_Data shown_.
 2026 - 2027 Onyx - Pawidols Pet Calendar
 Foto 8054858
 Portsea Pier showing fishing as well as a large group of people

--

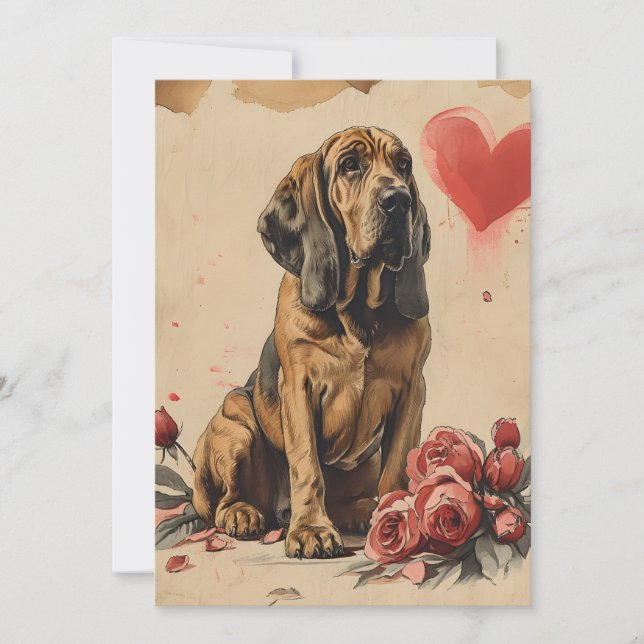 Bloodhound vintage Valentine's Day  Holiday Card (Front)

_What is required_. Go to the line with "2026 - 2027 Onyx - Pawidols Pet Calendar" in the entries above and repeat every line from there through the line with "Portsea Pier showing", exactly and with no other text.

_Problem solution_.
 2026 - 2027 Onyx - Pawidols Pet Calendar
 Foto 8054858
 Portsea Pier showing fishing as well as a large group of people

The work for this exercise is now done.